(Records excerpted from a collection)
*****
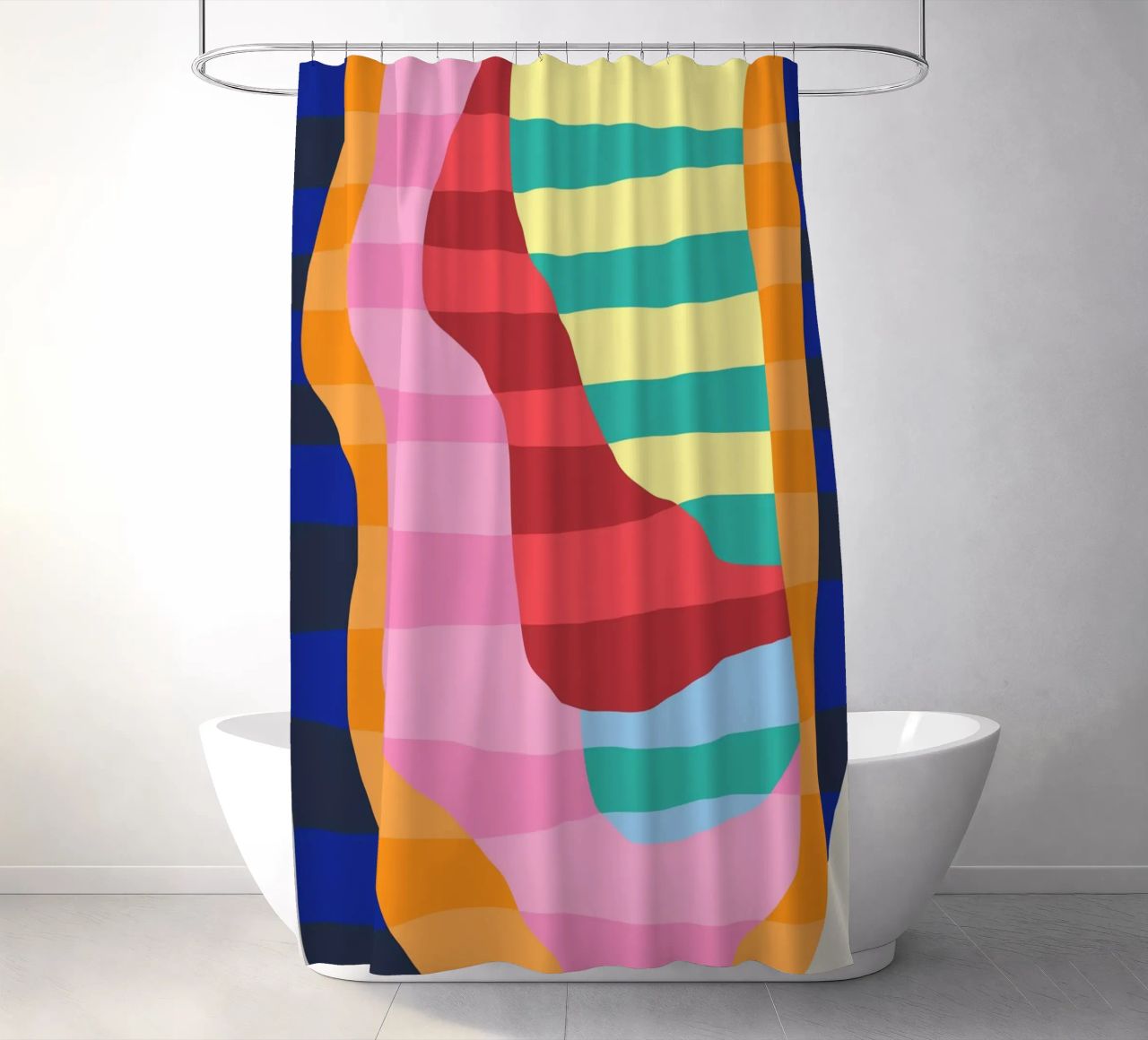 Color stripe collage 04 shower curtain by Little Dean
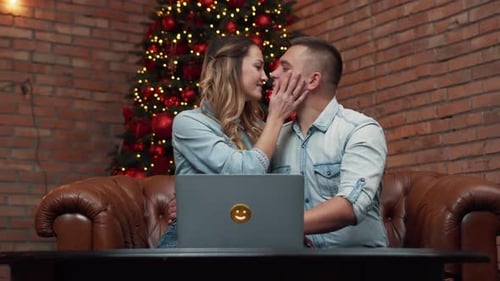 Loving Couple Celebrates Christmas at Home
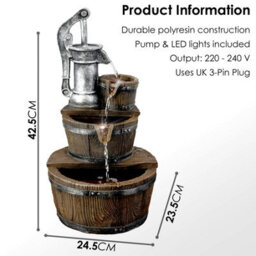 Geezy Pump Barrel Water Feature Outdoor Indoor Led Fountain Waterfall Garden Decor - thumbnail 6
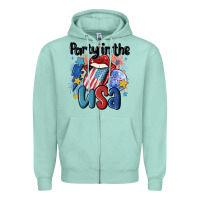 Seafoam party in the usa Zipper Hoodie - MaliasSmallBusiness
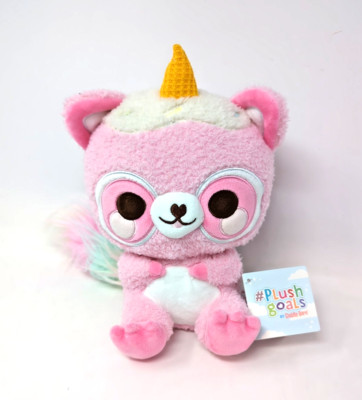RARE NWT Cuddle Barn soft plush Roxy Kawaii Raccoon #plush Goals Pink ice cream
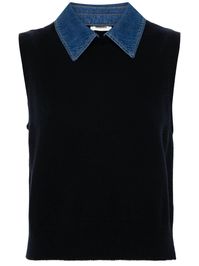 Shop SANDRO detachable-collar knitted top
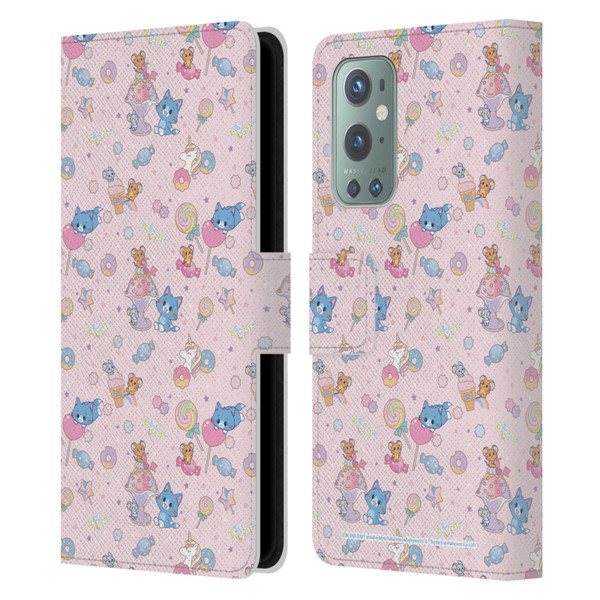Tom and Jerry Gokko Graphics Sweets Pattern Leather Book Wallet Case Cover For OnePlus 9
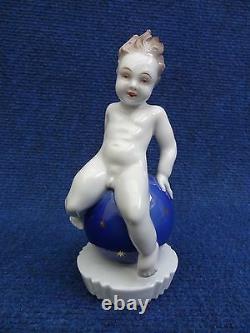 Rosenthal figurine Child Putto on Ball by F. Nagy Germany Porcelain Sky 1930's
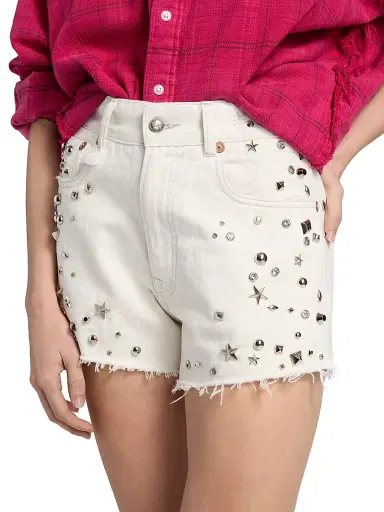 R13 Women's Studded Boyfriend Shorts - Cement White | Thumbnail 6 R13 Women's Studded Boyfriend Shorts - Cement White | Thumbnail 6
*****
Give every record back exactly as it reads, with no images.

**Answer area:**
 Color stripe collage 04 shower curtain by Little Dean
 Loving Couple Celebrates Christmas at Home
 Geezy Pump Barrel Water Feature Outdoor Indoor Led Fountain Waterfall Garden Decor - thumbnail 6
 Seafoam party in the usa Zipper Hoodie - MaliasSmallBusiness
RARE NWT Cuddle Barn soft plush Roxy Kawaii Raccoon #plush Goals Pink ice cream
 Shop SANDRO detachable-collar knitted top
Tom and Jerry Gokko Graphics Sweets Pattern Leather Book Wallet Case Cover For OnePlus 9
 Rosenthal figurine Child Putto on Ball by F. Nagy Germany Porcelain Sky 1930's
 R13 Women's Studded Boyfriend Shorts - Cement White | Thumbnail 6 R13 Women's Studded Boyfriend Shorts - Cement White | Thumbnail 6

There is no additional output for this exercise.